2017年度春学期から利用が始まる、新々2寮。現在は、昨年12月から来年1月までの工期のちょうど折り返しの時期にあたり、建物の構造自体を組み上げる「躯体工事」と、完成した建物に内外装を施す「仕上設備工事」の二段階のうち、「躯体工事」の段階にある。
今回われわれWG編集部は、その建設現場への立ち入り取材の許可を得た。外からでは白い仮囲と青いネットに覆われて全貌の見えない、新々2寮。その現在の姿をお伝えしよう。
(※工事の様子は6月8日時点のもの)
ブザー音の正体
建設現場の白い仮囲の内側に入っても、学内おなじみの風景となりつつあるクレーンの存在感は圧倒的だ。2基のクレーンは、建物全域に行き届くように対称の位置に設置されている。

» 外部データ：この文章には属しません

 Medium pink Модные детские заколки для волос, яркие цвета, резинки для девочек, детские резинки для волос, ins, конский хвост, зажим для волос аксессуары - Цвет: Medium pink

これらは、建造している建物からの支えを必要としない自立式にて計画されているそうだ。
ときおり断続的に鳴り響くブザーは、これらのクレーンを回転させる際、アームが上空を通過することを下の工事関係者に知らせるための安全上のもの(ICU Portalのページのお知らせも参照)。しかしこのブザー音を聞いて「異常事態が発生しているのではないかと不安を感じた」などの声が寄せられているため、今後はより耳障りの少ない音に変更していく予定とのことだ。
新々2寮は湯船つき
新寮には設置されていない湯船が、新々2寮には設置されることになっている。
建物内1階の一番東側のスペースで見ることができた、2つの大きなくぼみ。ここには、湯船つきの浴室が設けられることになっている。くぼみそれぞれが男子浴場の湯船、女子浴場の湯船として工事中だ。完成後は完全に分かれる浴場が、工事の段階では一体の構造として作られていることが印象的であった。
階段を登ると……
取材の際にも登った階段は完成後もそのまま用いられる常設のものだが、まだ鉄の骨組みだけで、下が透けて見えるような状態だ。取材にあたったWG記者陣に高所恐怖症の者がいなくてよかったものだ。

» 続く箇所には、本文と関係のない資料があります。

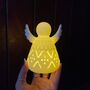 White Ceramic Light Up Angel, thumbnail 2 of 5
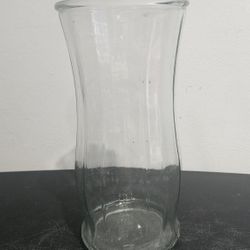 Garcia Glass Group Flower Vase Paneled Clear Glass GGG 2972 Vintage Glassware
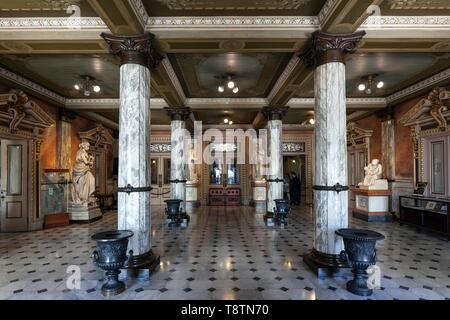 Foyer del Teatro Nazionale, Teatro Nacional, San Jose, San Jose Provincia, Valle Regione centrale, Costa Rica Foto Stock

鉄板でつくられた階段を上っていくと、目に眩しい空の下に出る。南棟の最上部では、5階床部分の造成が進められていた。型枠に生コンクリートを流し込み、手作業でならしていく。このように、高層ビル建設の際に用いられるようなプレキャスト製品を積み上げていく方法ではなく、一つ一つの部材を手作業で、1フロアずつ工事が進めている。すでに終わっている4階までのフロアの工事も同じ工程を繰り返して組みあげられてきた。
ちなみに新々2寮は、北棟は5階建て、南棟は7階建てである。教会側の構造を低くしているのは、教会周辺の景観を損ねないためだ。それでもなお高い5階建ての圧迫感を軽減するため、北棟の教会側に集中的に木を植えるするなどの配慮も行われるという。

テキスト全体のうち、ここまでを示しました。